Exercise details: Include in the reply only the lines from the start of the data below through the line containing "1957 Chevrolet Corvette", reproduced exactly and with no pictures.

::: Listed entries

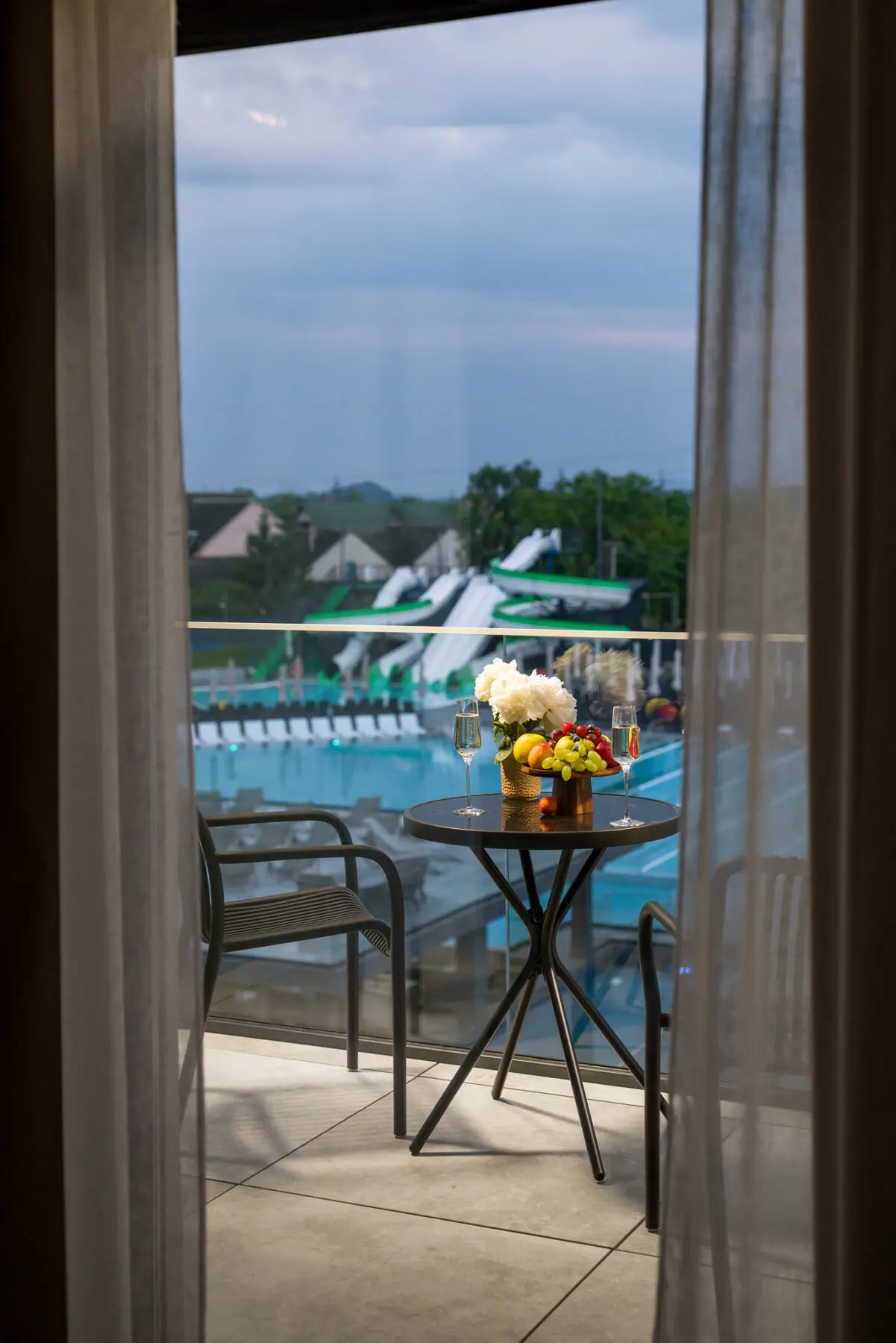 Напівлюкс у Rikka Khust &mdash; комфортний номер із атмосферою Закарпаття &ndash; Зображення 25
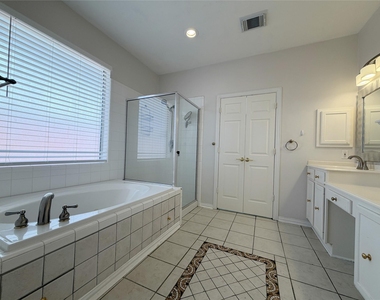 3822 Shady Harbor Drive - Photo Thumbnail 17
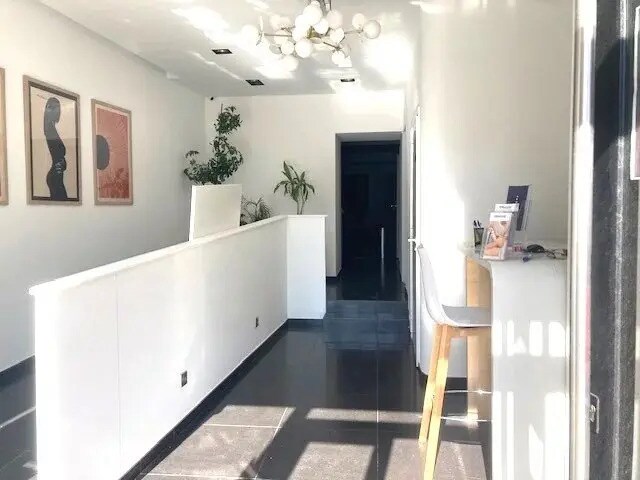 21 Rue Maréchal Joffre, Cannes à louer - Photo de l’immeuble – Image 3 sur 6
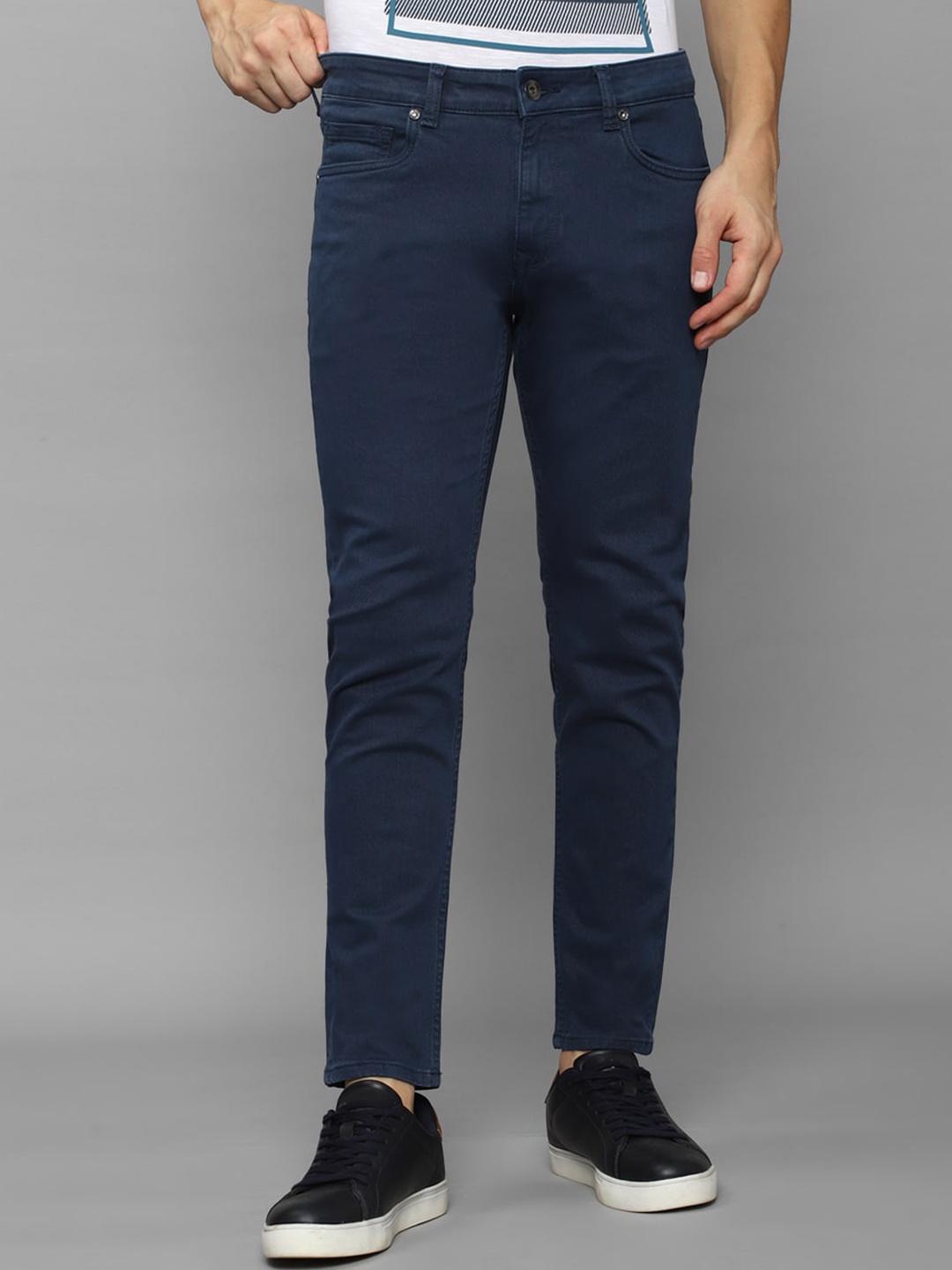 

Louis Philippe Jeans Men Slim Fit Cotton Jeans, Navy blue
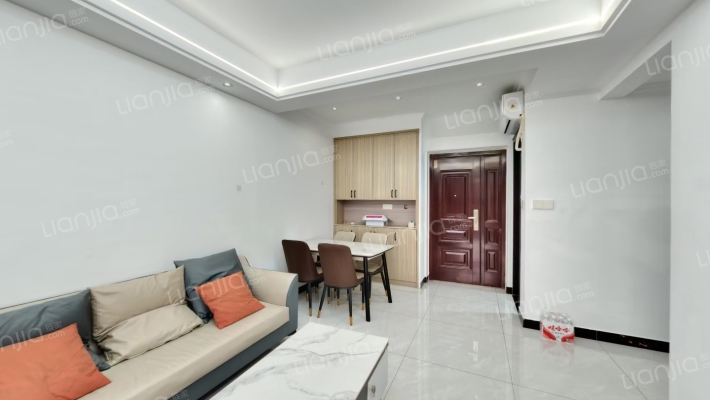 临和家苑北区二手房实景图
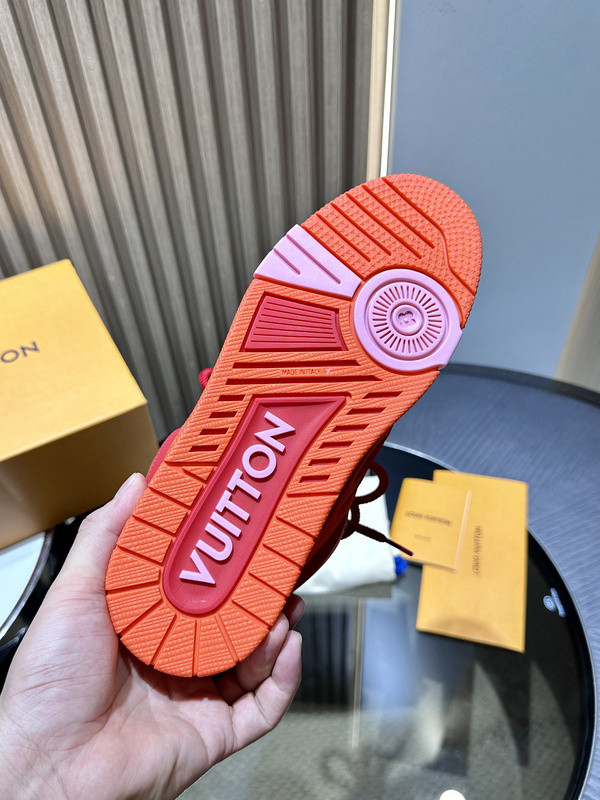 l**is V*t*n trainer sneaker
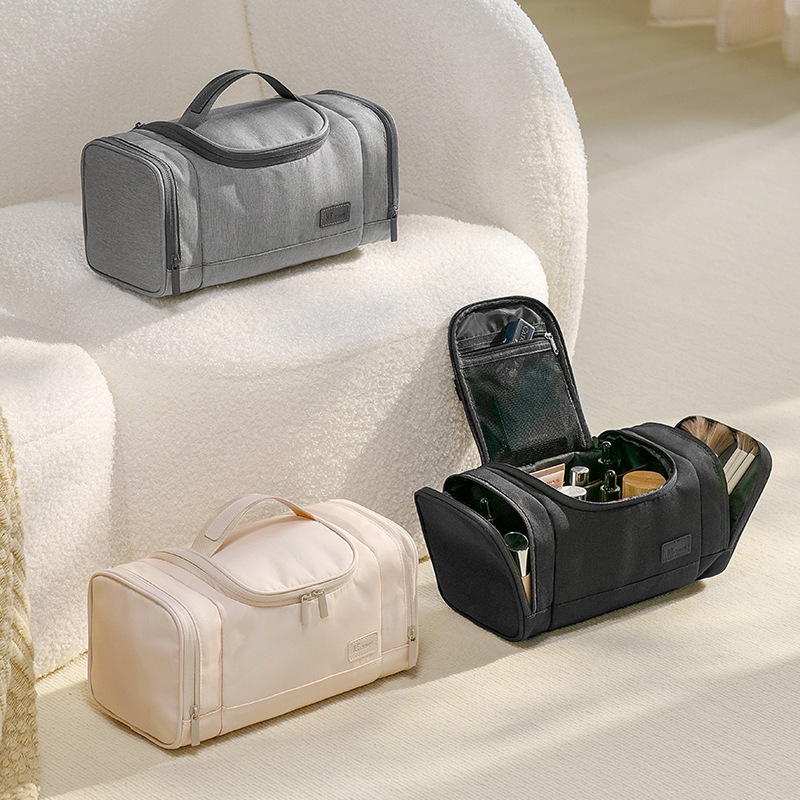 Renewable square toiletry bag, hand-held water-repellent makeup bag, large-capacity portable toiletry bag, multi-functional toiletry bag full figure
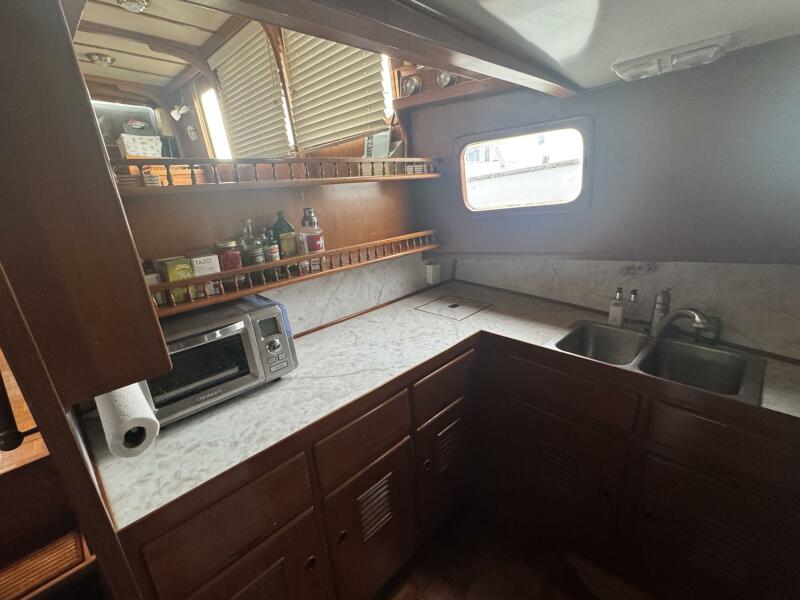 44' 1981 Marine Trader Double Cabin
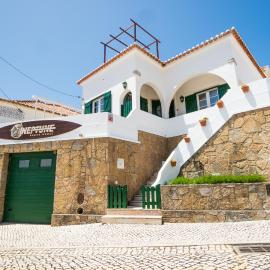 Neptune Beach House, hotel in Lourinhã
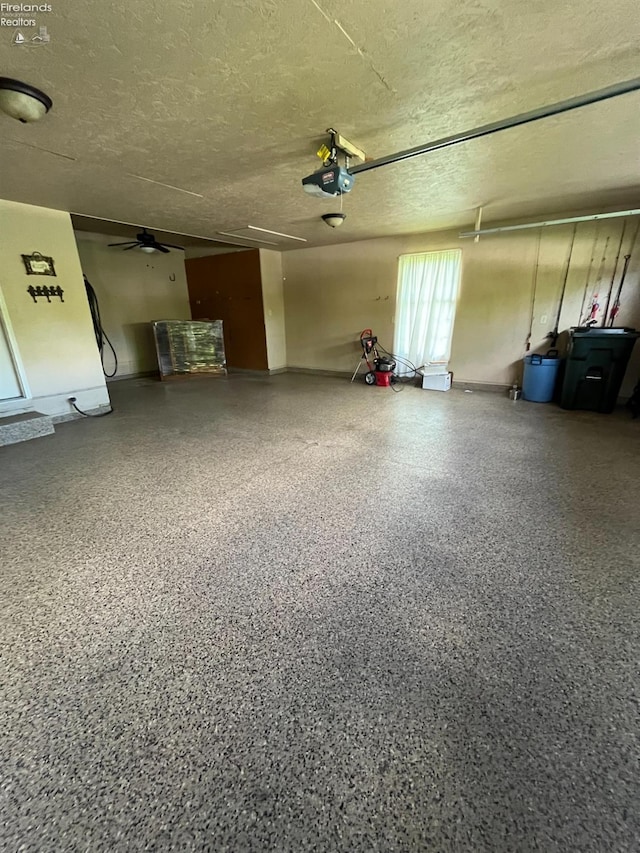 378 Lelar St, Tiffin, OH 44883 - view of garage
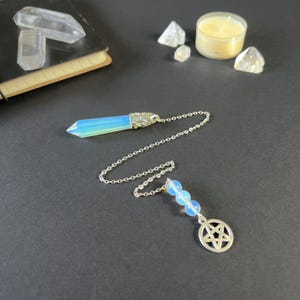 Péndulo de opalita, pentáculo, para adivinación y radiestesia.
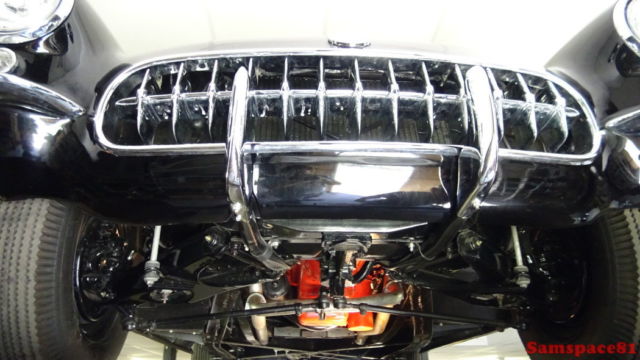 1957 Chevrolet Corvette Convertible - photo 2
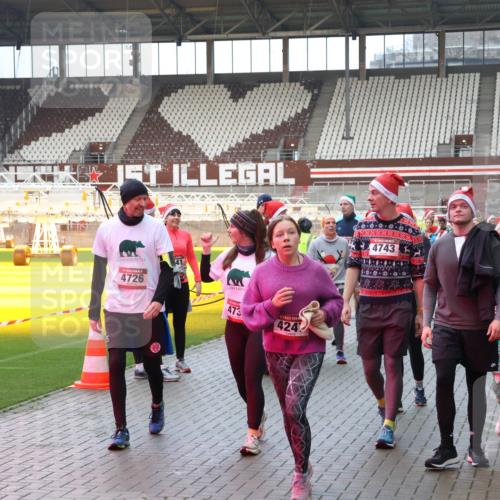 07.12.2025 - St. Pauli X-Mass-Run No. 15 Luisa Fischer http://msf.ph/oto/9389463 07.12.2025 12:04:18 Ziel 473, 424, 4726, 4743, 06, 3807, 255, 258, 263, 723, 778, 795, 923, 1236, 1357, 2091, 2398, 3081, 3082, 3121, 3316, 3317, 3705, 3753, 3807, 3851, 3983, 3985, 3994, 3996, 3997, 4006, 4011, 4021, 4022, 4047, 4049, 4131, 4221, 4224, 4241, 4247, 4365, 4367, 4726, 4731, 4742, 4746, 5007 meine-sportfotos.de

::::::

Answer:
 Напівлюкс у Rikka Khust &mdash; комфортний номер із атмосферою Закарпаття &ndash; Зображення 25
 3822 Shady Harbor Drive - Photo Thumbnail 17
 21 Rue Maréchal Joffre, Cannes à louer - Photo de l’immeuble – Image 3 sur 6

Louis Philippe Jeans Men Slim Fit Cotton Jeans, Navy blue
 临和家苑北区二手房实景图
 l**is V*t*n trainer sneaker
 Renewable square toiletry bag, hand-held water-repellent makeup bag, large-capacity portable toiletry bag, multi-functional toiletry bag full figure
 44' 1981 Marine Trader Double Cabin
 Neptune Beach House, hotel in Lourinhã
 378 Lelar St, Tiffin, OH 44883 - view of garage
 Péndulo de opalita, pentáculo, para adivinación y radiestesia.
 1957 Chevrolet Corvette Convertible - photo 2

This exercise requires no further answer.